Interesting findings

Keith Mayhew/SOPA Images/LightRocket via Getty Images

The German family that owns majority shares in companies like Krispy Kreme Doughnuts and Panera Bread is donating $11 million to an as-yet determined charity after discovering that its ancestors were reportedly connected to Nazis, and endorsed and utilized some of Adolf Hitler's practices.

What are the details?

A Sunday report from the Associated Press reveals that ancestors of the Reimanns — one of Germany's richest families — had deep ties to Nazi Germany, supporting Hitler and utilizing forced labor in their businesses.

The report was initially published by Bild newspaper, according to the AP.

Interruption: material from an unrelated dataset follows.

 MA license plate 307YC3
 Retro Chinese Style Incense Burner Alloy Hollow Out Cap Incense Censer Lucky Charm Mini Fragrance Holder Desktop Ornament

The Reimanns own a majority interest in companies like Krispy Kreme Doughnuts, Clearasil, Calgon, Panera Bread, Keurig Green Mountain, and more, and operate under JAB Holding Company out of Berlin, Germany.

The report noted that Albert Reimann Sr. and his son, Albert Reimann Jr., "used Russian civilians and French POWs as forced laborers." The Reimanns also donated to the SS before Nazis rose to power, according to the investigation.

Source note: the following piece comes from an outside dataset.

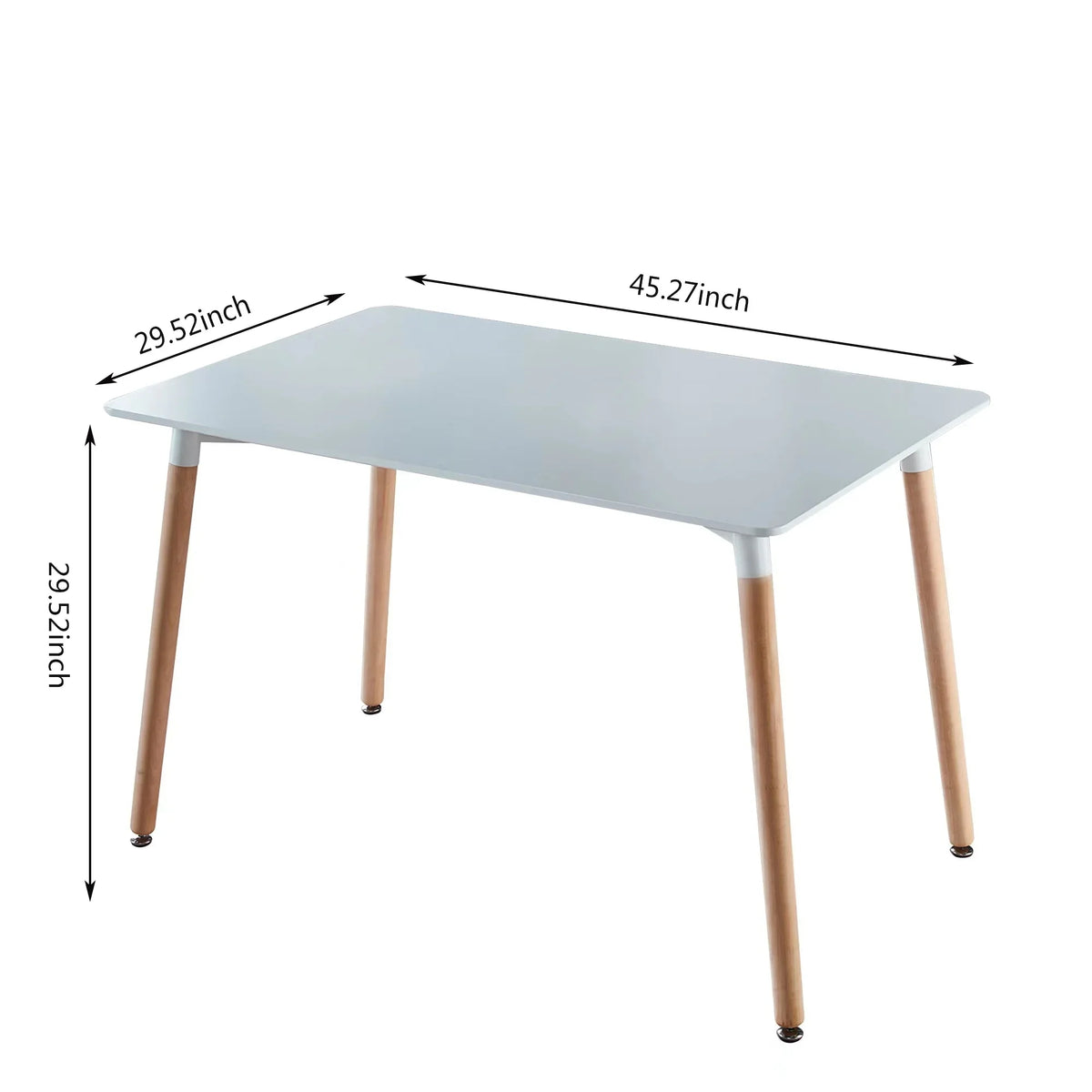 PORKISS Round Dining Table for 4 People, Wood Kitchen Dining Table with Metal Legs, Modern Dining Room Tables for Kitchen Living Room, White #2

Reimann Sr. died in 1954. Reimann Jr. died three decades later, in 1984.

Peter Harf, a spokesperson for the family as well as one of the managing partners of the company, said that the news in the report was true, and that the family had been examining its history even before the report came to light.

In 2014, the family commissioned a historian to investigate the family's history of suspected Nazism.

"It is all correct," he said. "Reimann senior and Reimann junior were guilty. ... They belonged in jail."

After an investigation, the younger members of the family discovered the news.

"We were all ashamed and turned as white as the wall," Harf said. "There is nothing to gloss over. These crimes are disgusting."

The German government apportioned 10 billion marks in 2000 (approximately 5.1 billion euro; approximately 5.8 billion USD) to fund investigations into companies like AEG, Deutsche Bank, Daimler-Benz, and more, to determine whether the companies were historically involved with Nazis.

Harf said that the family planned to donate 10 million euros (11.3 million USD) once the complete report is released.

"The whole truth must be put on the table," Harf insisted.